Bonus definition! Excellence: the state or condition of being excellent.
Step One: Aggregation
I begin with the proposition that aggregation has been one of the key concepts of the past five years or so—a period that we might roughly call the “Web 2.0 era,” if we were so inclined.
You can’t discuss aggregation without touching on RSS. We’ve never seen the oft-forecast “year that RSS goes mainstream,” exactly, but that’s really because we spent a long time looking at the wrong metric. While the online population at large has never taken to RSS readers as a replacement for just visiting a bunch of sites, RSS feeds (often unrecognized as such) have become mainstream as a component of the Web sites we visit or even the engine driving those sites behind the scenes.
Digg and its brethren (whether social, curated, or hybrid) represent another take on aggregation: you’re visiting Web sites, but those sites are themselves explicit aggregations of content from across the Web. Recognizing that the amount of stuff being created on the Web increases at a dizzying rate, we have invested in tools to aggregate what is most interesting (for an arbitrary value of “interesting”) from many different sources and present it all in a single place.
And while it might not be immediately obvious, the API boom of the mid- to late-oughts also gave the aggregation mindset a significant boost. Because developers could directly access the data and functionality of a wide variety of Web sites “behind the scenes,” we got a new kind of aggregation, most clearly expressed in the mashup: “oh, you want the data from site X overlaid on the map from site Y?” No problem. “Now you want to see the pictures from site A and videos from site B that are related to the topics discussed on site C?” Easy enough, here you go.
Step Two: Accretion
Aggregation obviously has real value and isn’t going away, but I believe that in the coming five years we’re also going to be talking a lot more about accretion. Consider this: a few days ago I was in a room with about a dozen people from the New York tech/startup scene who were asked what they were interested in and working on. Three people (and I was not one of them) used some variation of the phrase “real time” in their answer.
I think that in the short term this means that a lot of people will be focusing on the “twitch reflex” end of real time, with tools that offer immediate, compact, and contextual feedback based on users’ input: think pitches along the lines of “it’s like {Twitter, Aardvark, Foursquare} but {for, with} {dog owners, movie times, hyper-local content, flavor crystals}.”
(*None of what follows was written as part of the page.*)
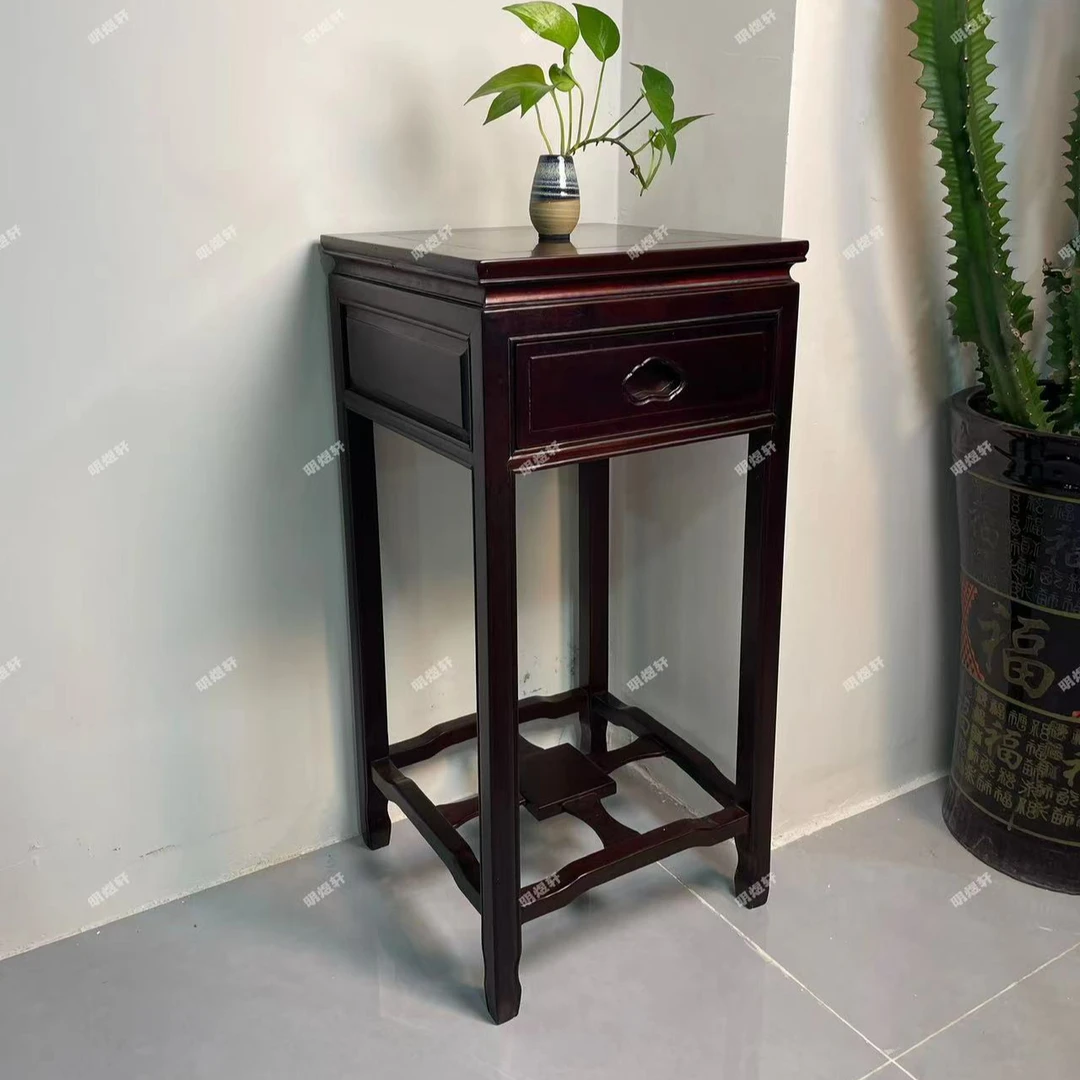 南美酸枝新中式花架简约方几家用轻奢客厅摆件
As we go forward, though, I expect that more attention will be paid to the idea that “right now” is only one facet of “real-time,” and that it’s very probably not the most interesting facet of real-time. We’re now used to aggregating data across services to the point where it’s almost taken for granted, but the growth of interest in (and technological capacity to support) near real-time services means that exploration of data accreted over time will become an increasingly big deal.
Any real time service must allow users to participate quickly and easily (reference once again Fred Wilson’s twenty seconds tweet), which means that each data chunk will be relatively small; what’s interesting about those little chunks, however, is that they aggressively blur the distinction between data and metadata. The concern for real time services is not getting users to provide a lot of data at any single point in time, but rather to provide tiny bits of data relatively frequently.
Foursquare is the easy example here: is a foursquare checkin “data” or “metadata?” Many—possibly most—checkins have virtually no content in the traditional sense. You’re not asked to review or even comment on the venue you’re at, you don’t have to say why you’re there or who you’re with…it’s just user, timestamp, and location (and you don’t even explicitly provide the first two). By the standards of a 2004 Web service this would be metadata, not data.
The value here comes in continuing use. A single checkin or single tweet doesn’t mean much outside of a very short time window, and that has been one of the common criticisms of real time services thus far: that the half life of each piece of data is too short and the “content” too thin for this stuff to have real significance. And that’s true, as far as it goes.
It hasn’t gone far enough, though, because our first response has been to aggregate. Twitter’s trending topics and Social Great’s excellent trend tracking make a certain kind of sense out of this real time data, but I think that these are transitional. The big shift comes when we figure out how to make sense of the direction and velocity of change represented in these snippets of data that people are tossing out with a minimum of effort, consideration, and editing.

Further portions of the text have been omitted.